(Dataset entries)
_ _ _ _ _

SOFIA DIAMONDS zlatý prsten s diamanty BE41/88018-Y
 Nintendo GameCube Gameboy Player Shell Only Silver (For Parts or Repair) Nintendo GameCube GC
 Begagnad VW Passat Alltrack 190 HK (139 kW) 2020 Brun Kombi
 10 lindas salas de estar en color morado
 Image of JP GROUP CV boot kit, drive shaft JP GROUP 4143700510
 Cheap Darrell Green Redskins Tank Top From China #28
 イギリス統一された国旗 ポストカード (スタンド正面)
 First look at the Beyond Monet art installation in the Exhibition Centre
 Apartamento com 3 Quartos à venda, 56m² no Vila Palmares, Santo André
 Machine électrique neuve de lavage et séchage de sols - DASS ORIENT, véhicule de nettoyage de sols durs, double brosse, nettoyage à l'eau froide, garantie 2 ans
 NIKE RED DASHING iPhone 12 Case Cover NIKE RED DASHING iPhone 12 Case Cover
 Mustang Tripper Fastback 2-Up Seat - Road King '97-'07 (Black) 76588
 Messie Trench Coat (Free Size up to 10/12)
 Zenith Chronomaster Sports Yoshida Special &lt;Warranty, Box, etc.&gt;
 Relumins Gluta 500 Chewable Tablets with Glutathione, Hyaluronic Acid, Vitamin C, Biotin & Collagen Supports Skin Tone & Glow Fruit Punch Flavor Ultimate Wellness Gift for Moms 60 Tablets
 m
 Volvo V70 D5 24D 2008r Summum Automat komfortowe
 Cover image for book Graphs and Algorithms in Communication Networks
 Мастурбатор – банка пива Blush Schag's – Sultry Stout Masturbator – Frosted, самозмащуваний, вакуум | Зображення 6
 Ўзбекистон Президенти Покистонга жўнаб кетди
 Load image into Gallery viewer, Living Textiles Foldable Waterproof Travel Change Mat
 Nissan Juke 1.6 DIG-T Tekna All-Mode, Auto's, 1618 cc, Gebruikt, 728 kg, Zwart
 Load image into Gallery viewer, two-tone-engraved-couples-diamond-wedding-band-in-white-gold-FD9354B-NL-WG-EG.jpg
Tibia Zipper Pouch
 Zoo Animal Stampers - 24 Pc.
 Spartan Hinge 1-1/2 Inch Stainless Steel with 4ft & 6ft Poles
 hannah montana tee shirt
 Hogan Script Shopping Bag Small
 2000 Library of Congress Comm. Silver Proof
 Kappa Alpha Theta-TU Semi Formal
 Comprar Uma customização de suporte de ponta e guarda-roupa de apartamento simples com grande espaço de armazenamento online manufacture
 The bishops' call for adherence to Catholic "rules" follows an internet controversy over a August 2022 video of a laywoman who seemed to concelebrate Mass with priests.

_ _ _ _ _

> _Exercise description_
Your answer should be the full set of records, printed exactly.

> _Exercise result_
SOFIA DIAMONDS zlatý prsten s diamanty BE41/88018-Y
 Nintendo GameCube Gameboy Player Shell Only Silver (For Parts or Repair) Nintendo GameCube GC
 Begagnad VW Passat Alltrack 190 HK (139 kW) 2020 Brun Kombi
 10 lindas salas de estar en color morado
 Image of JP GROUP CV boot kit, drive shaft JP GROUP 4143700510
 Cheap Darrell Green Redskins Tank Top From China #28
 イギリス統一された国旗 ポストカード (スタンド正面)
 First look at the Beyond Monet art installation in the Exhibition Centre
 Apartamento com 3 Quartos à venda, 56m² no Vila Palmares, Santo André
 Machine électrique neuve de lavage et séchage de sols - DASS ORIENT, véhicule de nettoyage de sols durs, double brosse, nettoyage à l'eau froide, garantie 2 ans
 NIKE RED DASHING iPhone 12 Case Cover NIKE RED DASHING iPhone 12 Case Cover
 Mustang Tripper Fastback 2-Up Seat - Road King '97-'07 (Black) 76588
 Messie Trench Coat (Free Size up to 10/12)
 Zenith Chronomaster Sports Yoshida Special &lt;Warranty, Box, etc.&gt;
 Relumins Gluta 500 Chewable Tablets with Glutathione, Hyaluronic Acid, Vitamin C, Biotin & Collagen Supports Skin Tone & Glow Fruit Punch Flavor Ultimate Wellness Gift for Moms 60 Tablets
 m
 Volvo V70 D5 24D 2008r Summum Automat komfortowe
 Cover image for book Graphs and Algorithms in Communication Networks
 Мастурбатор – банка пива Blush Schag's – Sultry Stout Masturbator – Frosted, самозмащуваний, вакуум | Зображення 6
 Ўзбекистон Президенти Покистонга жўнаб кетди
 Load image into Gallery viewer, Living Textiles Foldable Waterproof Travel Change Mat
 Nissan Juke 1.6 DIG-T Tekna All-Mode, Auto's, 1618 cc, Gebruikt, 728 kg, Zwart
 Load image into Gallery viewer, two-tone-engraved-couples-diamond-wedding-band-in-white-gold-FD9354B-NL-WG-EG.jpg
Tibia Zipper Pouch
 Zoo Animal Stampers - 24 Pc.
 Spartan Hinge 1-1/2 Inch Stainless Steel with 4ft & 6ft Poles
 hannah montana tee shirt
 Hogan Script Shopping Bag Small
 2000 Library of Congress Comm. Silver Proof
 Kappa Alpha Theta-TU Semi Formal
 Comprar Uma customização de suporte de ponta e guarda-roupa de apartamento simples com grande espaço de armazenamento online manufacture
 The bishops' call for adherence to Catholic "rules" follows an internet controversy over a August 2022 video of a laywoman who seemed to concelebrate Mass with priests.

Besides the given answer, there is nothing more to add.